Le problème moral est loin d'être nouveau : comme le note Critchley, c'était celui de Hutcheson, de Hume et des « sentimentalistes » anglais. Mais leur idée était qu'il fallait abandonner la proposition (I) qui exprime une forme de réalisme moral. Sinon l'exigence morale est une pure fiction, un comme si. Je ne suis pas sûr que ce soit ce que des auteurs comme Levinas ont voulu dire. Le fictionalisme « lacano-badiozizeckien » a remplacé les vertus artificielles de Hume. A-t-on vraiment gagné au change ? À l'humour, conçu à la manière de Freud comme un conflit entre le surmoi et le moi, on préférera l'ironie, qui indique en sous-main les valeurs morales sans les identifier à un Autre fantomatique.
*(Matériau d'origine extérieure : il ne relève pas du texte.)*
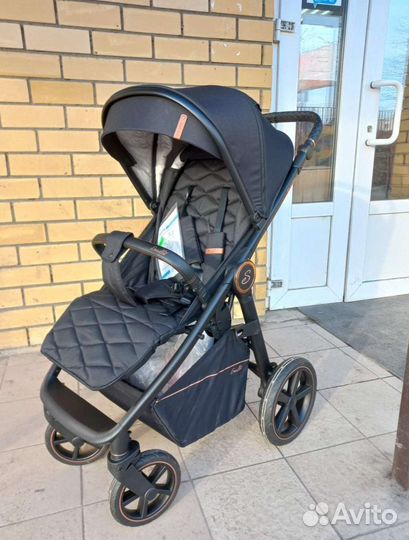 Sevilla Ellion 2023 новая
Des livres comme celui de Critchley partent d'un constat qui fut celui de Benda jadis (citant Renouvier) dans La Trahison des clercs : « Le monde souffre d'un manque de foi en une vérité transcendante. » Mais Benda ne voulait pas dire par là que le monde manque de religion ou de substituts de la religion. Il voulait essentiellement dire qu'il manque de foi en l'existence d'une vérité objective et de valeurs morales réelles (pas besoin de Dieu pour que la première et les secondes existent). Ce n'est pas ce que croient les auteurs que Critchley prise, comme Badiou, pour qui la vérité est la « fidélité à un événement ».

Curieuse définition de la vérité. Dans ce glissement, on passe de l'idée simple de Benda selon laquelle le vrai ­ et non l'utile ou le pratique ­ devrait être le pain quotidien du politique à l'idée que la politique est une forme de foi. Et c'est précisément la conclusion qu'il aurait fallu ne pas tirer.